Task → Please restate each line of the material word for word and omit any pictures.
-- Opening Marker --
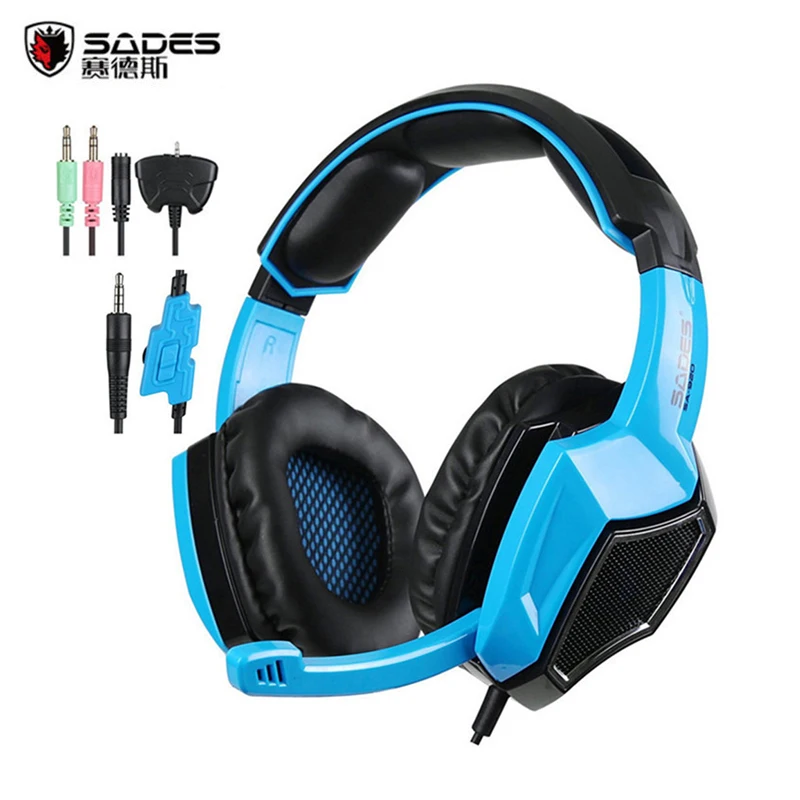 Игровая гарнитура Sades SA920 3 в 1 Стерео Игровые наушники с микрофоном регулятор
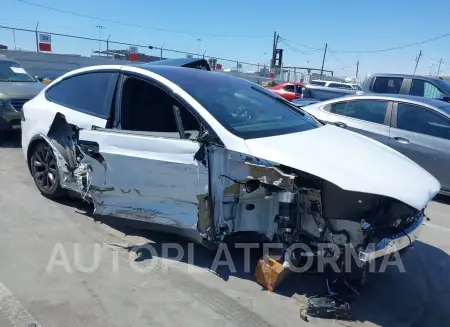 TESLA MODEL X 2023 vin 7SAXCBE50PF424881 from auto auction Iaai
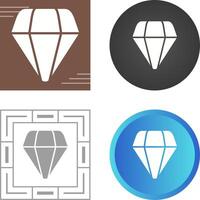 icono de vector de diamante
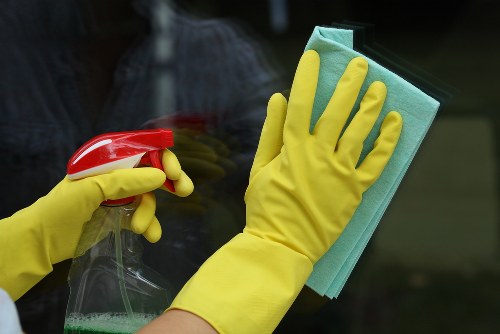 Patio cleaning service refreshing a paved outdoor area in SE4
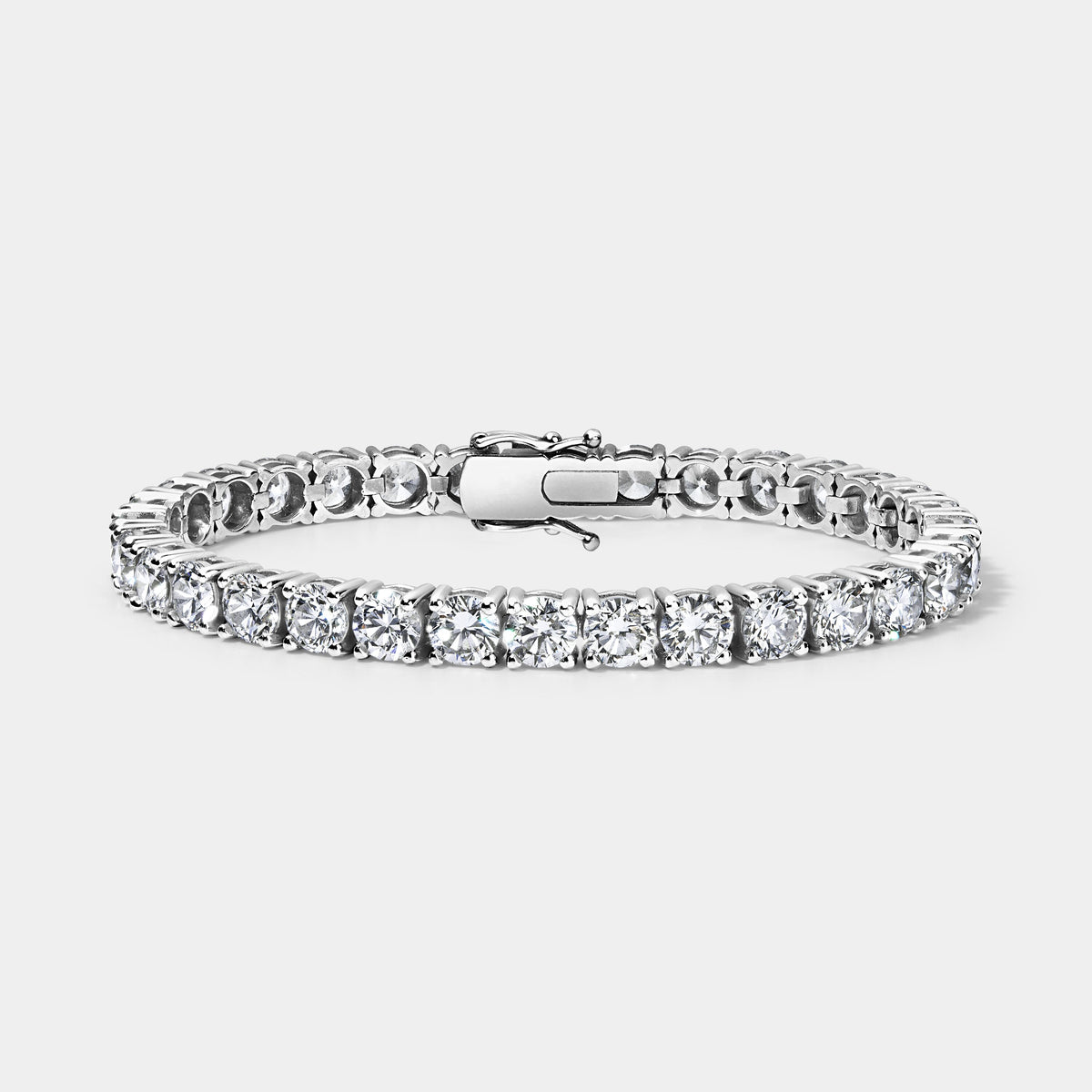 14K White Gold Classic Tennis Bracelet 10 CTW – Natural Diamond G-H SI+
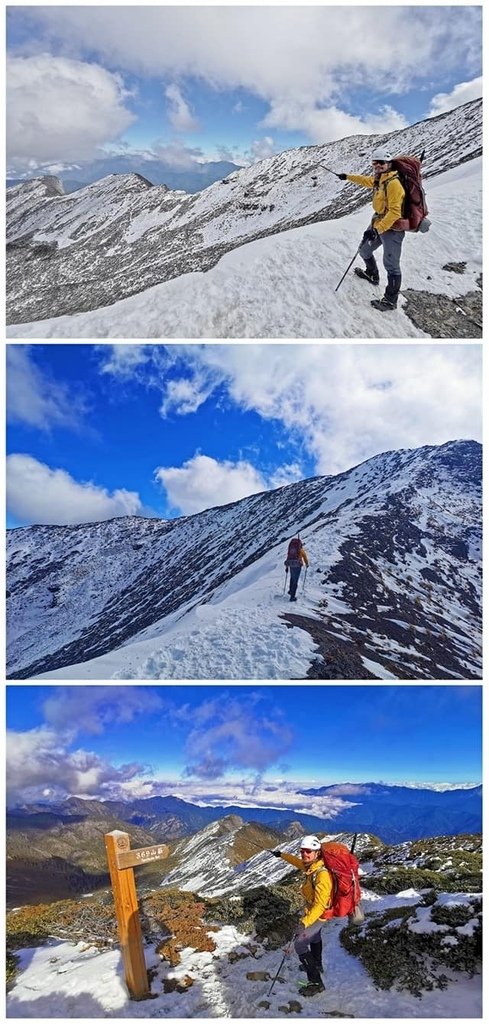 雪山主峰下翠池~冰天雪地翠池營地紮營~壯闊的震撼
-- Closing Marker --
Solution →
 Игровая гарнитура Sades SA920 3 в 1 Стерео Игровые наушники с микрофоном регулятор
 TESLA MODEL X 2023 vin 7SAXCBE50PF424881 from auto auction Iaai
 icono de vector de diamante
 Patio cleaning service refreshing a paved outdoor area in SE4
 14K White Gold Classic Tennis Bracelet 10 CTW – Natural Diamond G-H SI+
 雪山主峰下翠池~冰天雪地翠池營地紮營~壯闊的震撼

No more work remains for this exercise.